Data in this exercise

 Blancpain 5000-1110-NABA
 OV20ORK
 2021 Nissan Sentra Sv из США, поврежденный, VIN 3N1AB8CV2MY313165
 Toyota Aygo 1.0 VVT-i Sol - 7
--
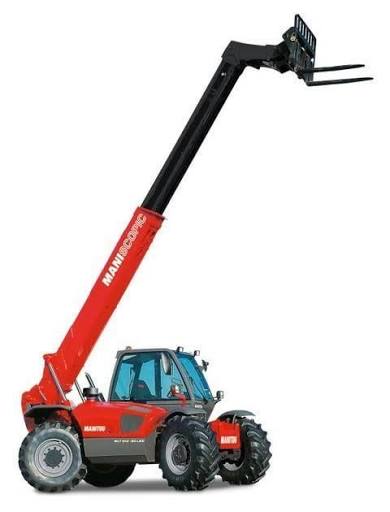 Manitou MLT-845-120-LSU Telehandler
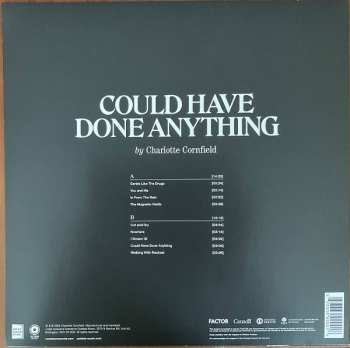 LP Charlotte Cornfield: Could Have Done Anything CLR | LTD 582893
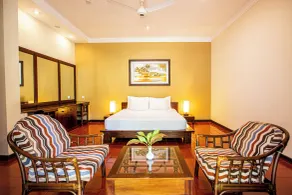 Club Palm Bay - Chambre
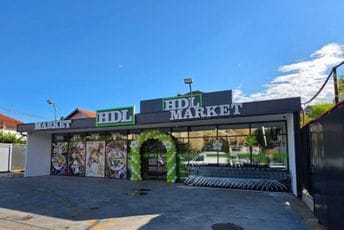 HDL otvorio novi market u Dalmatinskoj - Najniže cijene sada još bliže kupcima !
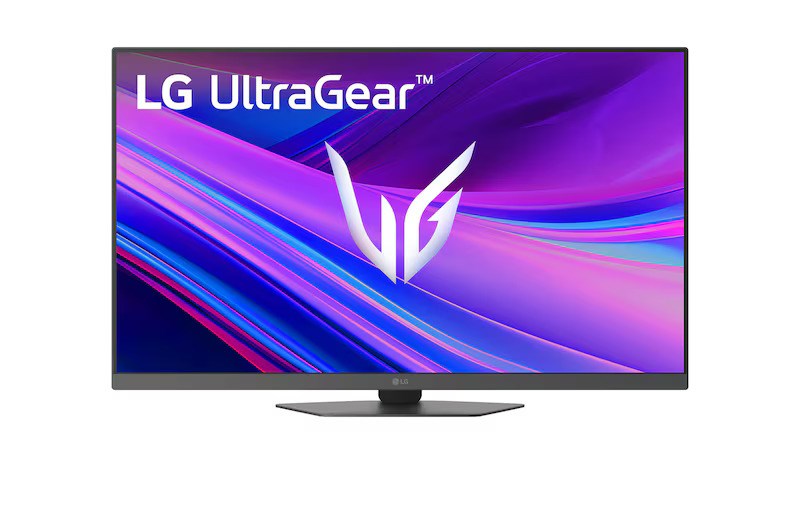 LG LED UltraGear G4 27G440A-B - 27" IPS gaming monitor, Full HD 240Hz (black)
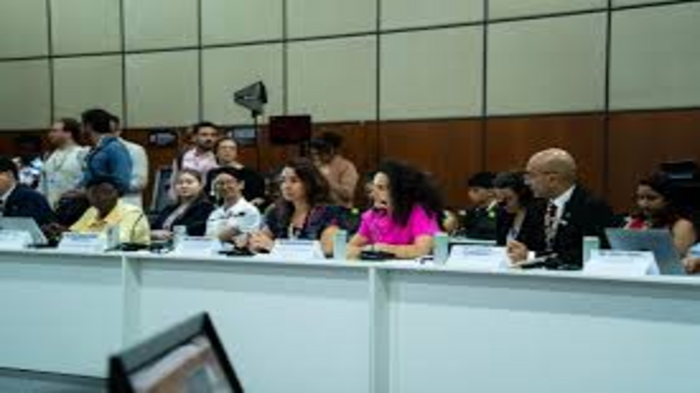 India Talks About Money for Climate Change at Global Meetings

Activity
Using the entries above, transcribe every line from the line containing "Manitou MLT-845-120-LSU Telehandler" through the line containing "LG LED UltraGear". Do not copy pictures.

Exercise response
 Manitou MLT-845-120-LSU Telehandler
 LP Charlotte Cornfield: Could Have Done Anything CLR | LTD 582893
 Club Palm Bay - Chambre
 HDL otvorio novi market u Dalmatinskoj - Najniže cijene sada još bliže kupcima !
 LG LED UltraGear G4 27G440A-B - 27" IPS gaming monitor, Full HD 240Hz (black)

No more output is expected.